É Herdeiro das tradições Militares das seguintes Unidades:

  • Regimento de Artilharia nº 1 (RA 1) com origem no troço de Artilheiros/Repartição do Mar (1677-Lisboa) extinto em 1834 Forte de S. Julião da Barra.
  • Regimento de Artilharia nº 3 (RA 3) com origem nos 1º, 2º e 3º de Artilharia Liberal (1834-Porto) extinto em 1974 em Évora.
  • Regimento de Artilharia Pesada nº 1 (RAP 1) com origem no Grupo de Artilharia de Guarnição nº 6 (GAG 6) (1901-Porto), extinto em 1967 em Sacavém.

É Fiel depositário das Tradições Militares das seguintes Unidades:

  • Companhia de Artilheiros Condutores com origem no Batalhão de Artilheiros Condutores (1812) dissolvida em 1833 em Lisboa.
  • Regimento de Artilharia nº 5 (RA 5) guarnição, com origem no RA 5/Elvas e dissolvido em 1901
  • Grupo de Batarias de Artilharia a Cavalo com origem no Grupo de Batarias a Cavalo (1899-Queluz), dissolvido em 1925.

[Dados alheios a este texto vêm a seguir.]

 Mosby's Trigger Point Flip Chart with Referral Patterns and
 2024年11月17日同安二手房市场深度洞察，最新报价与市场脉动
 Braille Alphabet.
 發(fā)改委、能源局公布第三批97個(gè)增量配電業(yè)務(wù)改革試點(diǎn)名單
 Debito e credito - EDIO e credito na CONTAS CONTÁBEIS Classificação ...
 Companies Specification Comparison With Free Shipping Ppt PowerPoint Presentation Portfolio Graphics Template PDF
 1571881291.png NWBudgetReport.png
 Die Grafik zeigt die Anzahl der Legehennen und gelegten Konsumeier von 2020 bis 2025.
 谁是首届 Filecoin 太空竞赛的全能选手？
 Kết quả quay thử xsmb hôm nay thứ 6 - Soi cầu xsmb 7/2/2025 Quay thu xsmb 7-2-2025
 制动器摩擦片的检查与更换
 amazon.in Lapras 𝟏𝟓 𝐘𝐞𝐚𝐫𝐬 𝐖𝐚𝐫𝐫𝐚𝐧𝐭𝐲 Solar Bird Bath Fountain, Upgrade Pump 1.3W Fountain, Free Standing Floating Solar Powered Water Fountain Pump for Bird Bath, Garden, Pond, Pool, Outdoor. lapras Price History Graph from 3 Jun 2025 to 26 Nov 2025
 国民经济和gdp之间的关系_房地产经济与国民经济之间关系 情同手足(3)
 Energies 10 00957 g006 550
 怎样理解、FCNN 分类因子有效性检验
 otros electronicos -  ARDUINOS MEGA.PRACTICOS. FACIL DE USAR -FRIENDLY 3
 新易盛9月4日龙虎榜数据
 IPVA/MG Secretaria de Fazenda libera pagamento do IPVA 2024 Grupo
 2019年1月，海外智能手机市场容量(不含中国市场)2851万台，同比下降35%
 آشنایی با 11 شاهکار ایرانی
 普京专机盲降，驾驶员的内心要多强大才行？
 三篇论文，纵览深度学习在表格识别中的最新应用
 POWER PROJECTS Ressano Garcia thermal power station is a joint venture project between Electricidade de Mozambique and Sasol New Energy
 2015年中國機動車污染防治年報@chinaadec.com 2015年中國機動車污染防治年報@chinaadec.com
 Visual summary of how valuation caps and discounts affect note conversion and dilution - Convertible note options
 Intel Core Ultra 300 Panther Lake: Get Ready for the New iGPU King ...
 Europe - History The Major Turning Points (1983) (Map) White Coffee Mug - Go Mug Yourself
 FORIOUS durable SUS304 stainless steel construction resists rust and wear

Das Unidades antecessoras com ligação a este regimento, destacaram-se:

  • O RA 1, pela sua participação nas Campanhas Peninsulares desde a Batalha do Buçaco (1810) até à de Nivelle (1813). O RA 1 participou também na Divisão Auxiliar a Espanha (1835/37) enviada para combater os Carlistas.
  • O RA 3 que durante a 1ª Guerra Mundial (1914-1918) mobilizou para França um Grupo de Batidas de Tiro Tenso; na mesma ocasião o RA 1, que mobilizou para Angola uma Bataria de Artilharia.
  • Os 1º, 2º e 5º Grupos de Batarias de Artilharia, mobilizados pelo RA 3, que combateram com bravura na Batalha de La Lys.
  • O RAL 3 que durante a 2ª Guerra Mundial mobilizou para os Açores um Grupo de Batarias de Obuses; na mesma ocasião, o RAP 1 que mobilizou uma Bataria Anti-Aérea Ligeira; e o RAL 1 que mobilizou uma Bataria de Artilharia Ligeira.
  • O RAL 1, que desde 1954 até 1960 mobilizou para o Estado da Índia três Batarias de Artilharia; na mesma ocasião, o RAL 3 mobilizou três Batarias de Artilharia
  • A Companhia de Artilharia nº 1961, mobilizada pelo RAL 1, pela sua participação na Guiné (1967/1969), nas Campanhasdo Ultramar.
  • O RAL 3, que durante a Guerra do Ultramar (1961/1974) mobilizou para:
    – Angola: 5 Batalhões de Artilharia, 20 Companhias de Artilharia, 1 Bataria e 2 Secções de Radares.
    – Guiné: 9 Companhias de Artilharia
    – Moçambique: 1 Batalhão de Artilharia, e 6 Companhias de Artilharia.
  • O RAL 1 que durante a Guerra do Ultramar mobilizou para:
    – Angola 5 Batalhões de Artilharia, 23 Companhias de Artilharia, 22 Comandos de Agrupamento, 1 Bataria, 1 Grupo de Artilharia de Campanha e 1 Companhia de Comandos.
    – Guiné: 3 Batalhões de Artilharia, 12 Companhias de Artilharia, 6 Comandos de Agrupamento e 2 companhias de Comandos.
    – Moçambique: 4 Batalhões de Artilharia, 9 Companhias de Artilharia, 21 Comandos de Agrupamento e 3 Companhias de Comandos.

CONDECORAÇÕES:

Direito Próprio:

  • Comendador da Ordem Militar da Torre e Espada, do Valor , Lealdade e Mérito, concedida ao 4º Grupo de Artilharia/RA 3 em 1918 em França.
  • Oficial da Ordem Militar da Torre e Espada de Valor, Lealdade e Mérito, concedida à 4ª Bataria/ 5º Grupo de Batarias de Artilharia/Regimento de Obuses de campanha em 1918 em França.
  • Cruz de Guerra de 1ª Classe, Concedida à 1ª Bataria/5º Grupo de Batarias de Artilharia/ RA 1 em 1918 em França.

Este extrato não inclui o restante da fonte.